*** INFORMATION SHOWN ***

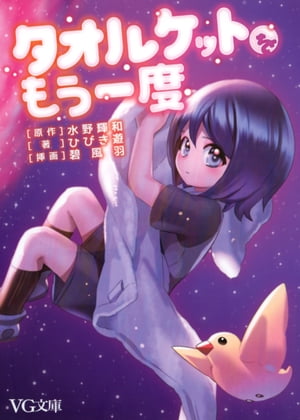 タオルケットをもう一度【電子書籍】[ 水野輝和 ]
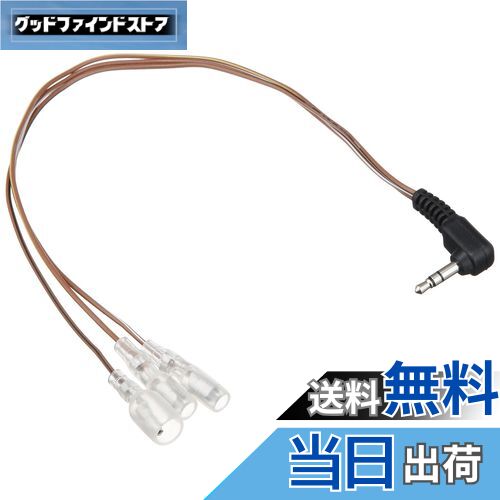 【送料無料】カロッツェリア(パイオニア) ステアリングリモコンケーブル スバル車用 KJ-F101SC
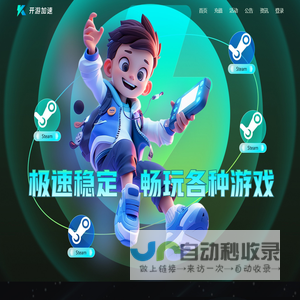 开游加速器-专线加速游戏,按分钟计费可暂停【官方网站】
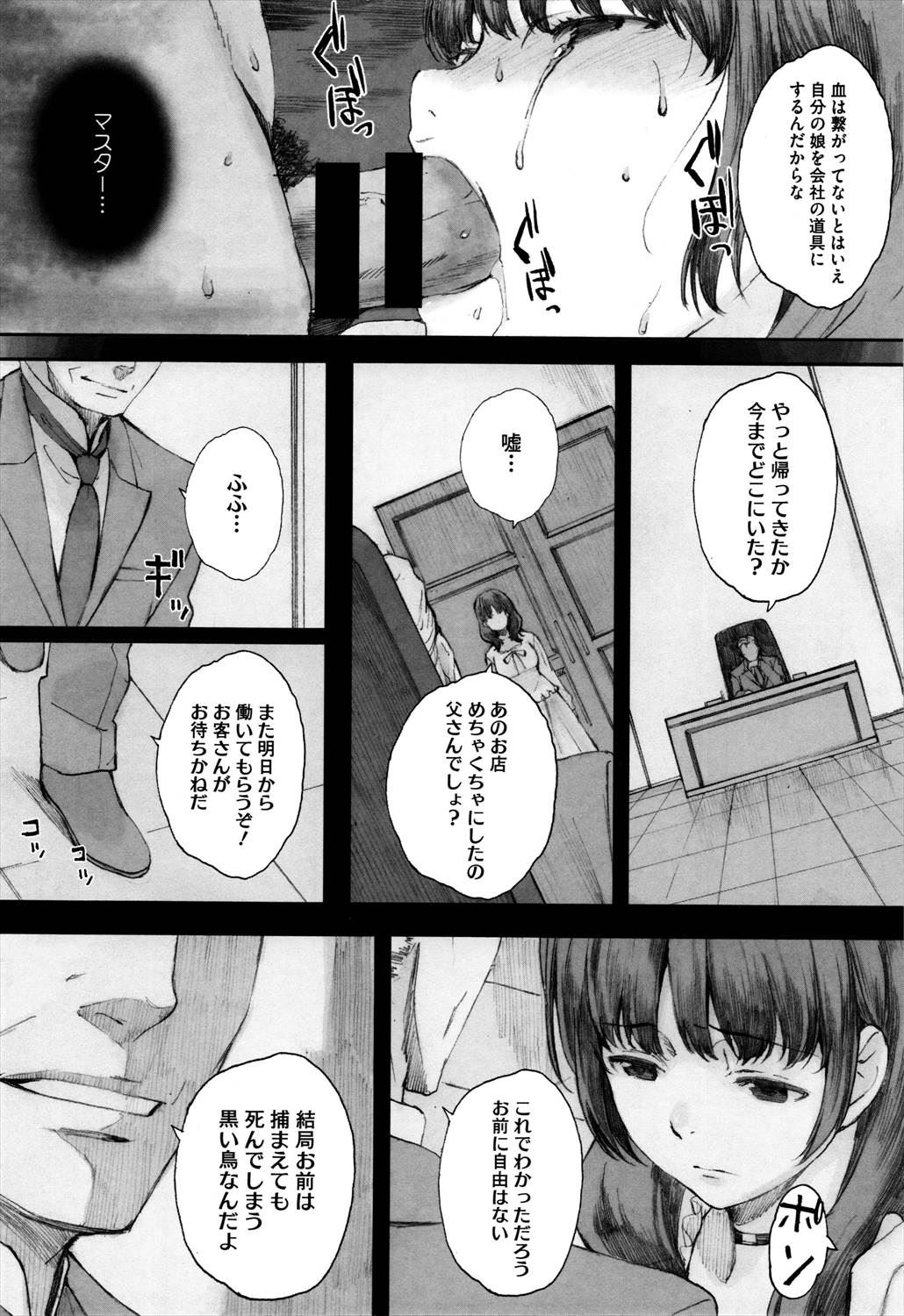 【エロ漫画】お店で無銭飲食して雇ってもらい働くことになった巨乳少女…自分のことを幸せの青い鳥と言って誘惑していちゃラブ中出しセックスするが…【荒井啓： 牢の鳥】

*** End of INFORMATION SHOWN ***

_ABOUT THIS TASK_:
In the data above, find the line containing "ステアリングリモコンケーブル スバル車用 KJ-F101SC"; from there, please write out each line through the end, exactly, with the pictures omitted.

_ANSWER AREA_:
 【送料無料】カロッツェリア(パイオニア) ステアリングリモコンケーブル スバル車用 KJ-F101SC
 开游加速器-专线加速游戏,按分钟计费可暂停【官方网站】
 【エロ漫画】お店で無銭飲食して雇ってもらい働くことになった巨乳少女…自分のことを幸せの青い鳥と言って誘惑していちゃラブ中出しセックスするが…【荒井啓： 牢の鳥】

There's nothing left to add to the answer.